■ **Work required**: Retype the listing exactly, minus its pictures.

[Source material Boundary: Start]

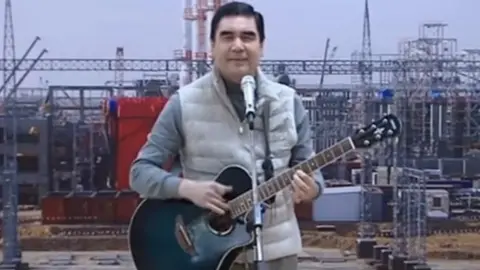 TURKMEN TV ALTYN ASYR President Berdymukhamedov singing and playing the guitar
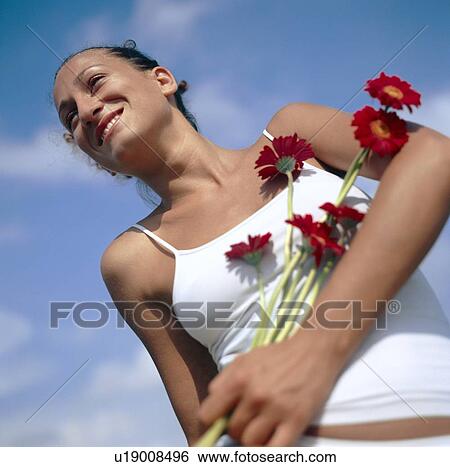Flowers held by happy woman View Large Photo Image Stock Photograph - Flowers held by happy woman. Fotosearch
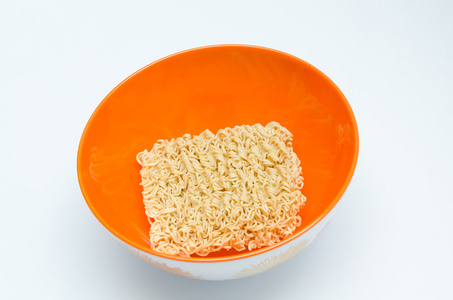 在白色背景上的橙色碗干方便面照片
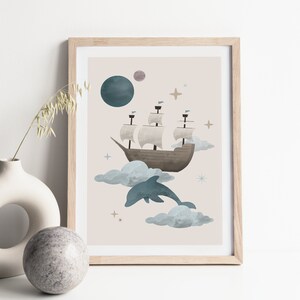 May include: A framed print featuring a whimsical illustration of a ship sailing on clouds with a dolphin leaping out of the water. The background is a light beige with stars and a blue planet.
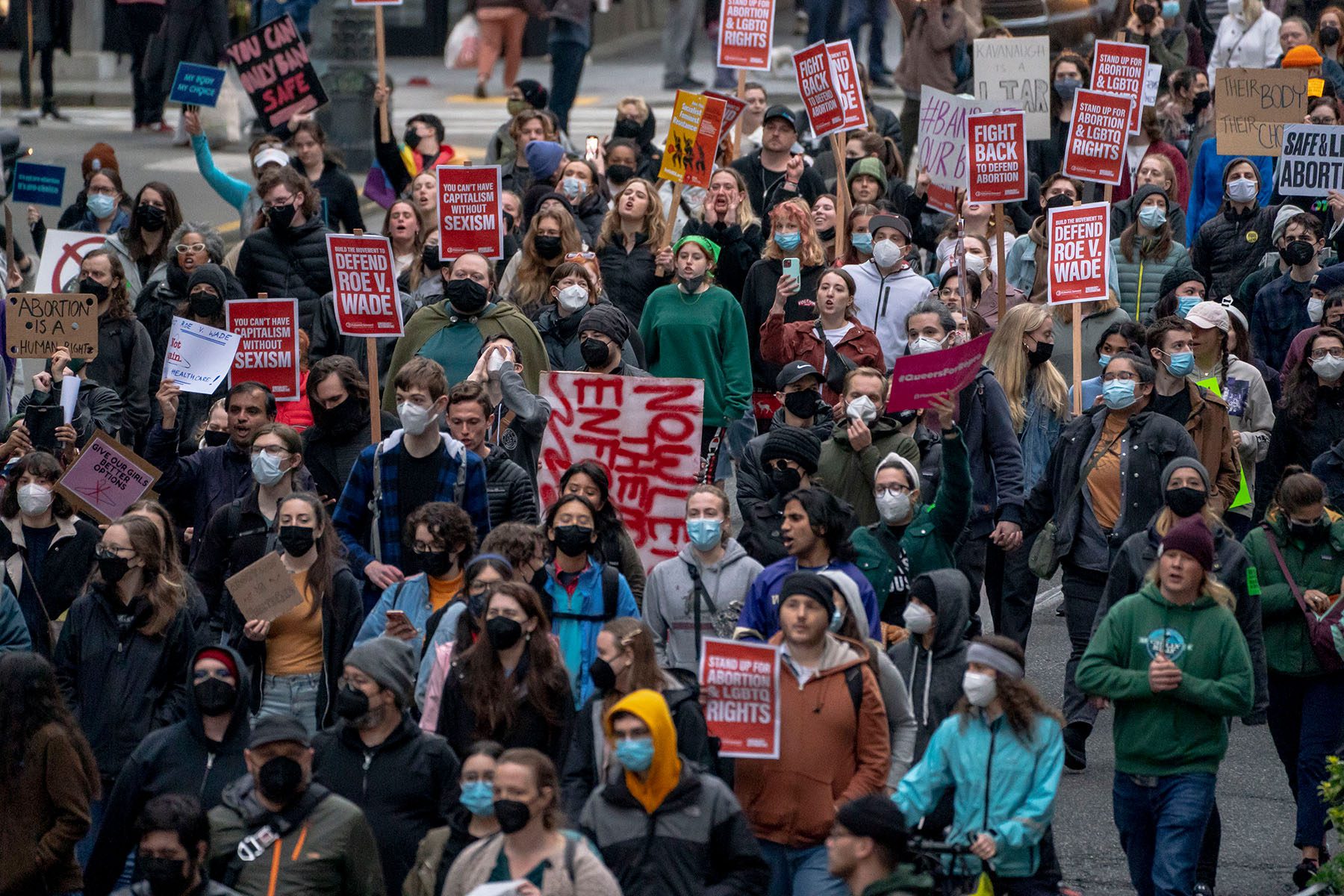 Demonstrators march through downtown Seattle. Signs read "Defend Roe v. Wade" and "Fight Back to Defend Abortion."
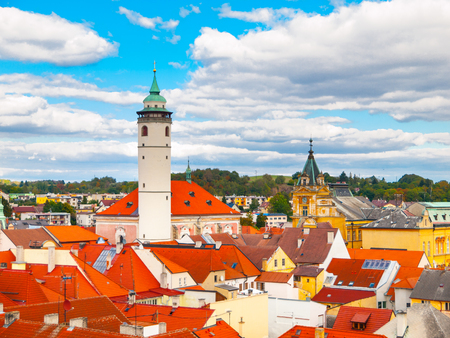 Aerial view of red rooftops with White Tower of Domazlice on sunny day, Czech Republic.の写真素材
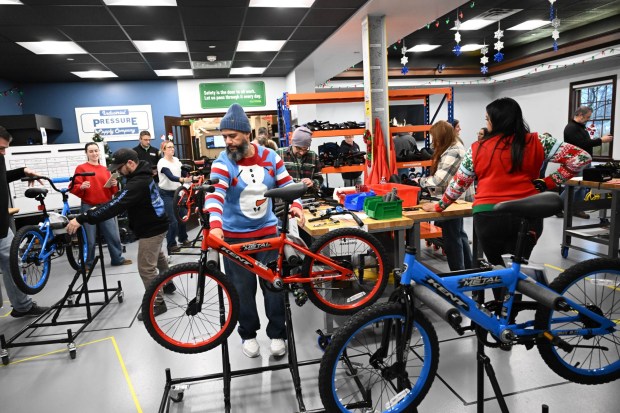 Thomas Santiago volunteers to build a bike during the Manufacturers Resource Center's annual Santa's Standard Workshop on Wednesday, Dec. 10, 2025, in Upper Macungie Township. Workers from Just Born, Lutron, Northeast Products & Services and Ocean Spray came together to assemble bikes for Community Bike Works youth while learning lean manufacturing principles. (Amy Shortell / The Morning Call)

[Source material Boundary: End]

■ **Task solution**:
 TURKMEN TV ALTYN ASYR President Berdymukhamedov singing and playing the guitar
Flowers held by happy woman View Large Photo Image Stock Photograph - Flowers held by happy woman. Fotosearch
 在白色背景上的橙色碗干方便面照片
 May include: A framed print featuring a whimsical illustration of a ship sailing on clouds with a dolphin leaping out of the water. The background is a light beige with stars and a blue planet.
 Demonstrators march through downtown Seattle. Signs read "Defend Roe v. Wade" and "Fight Back to Defend Abortion."
 Aerial view of red rooftops with White Tower of Domazlice on sunny day, Czech Republic.の写真素材
 Thomas Santiago volunteers to build a bike during the Manufacturers Resource Center's annual Santa's Standard Workshop on Wednesday, Dec. 10, 2025, in Upper Macungie Township. Workers from Just Born, Lutron, Northeast Products & Services and Ocean Spray came together to assemble bikes for Community Bike Works youth while learning lean manufacturing principles. (Amy Shortell / The Morning Call)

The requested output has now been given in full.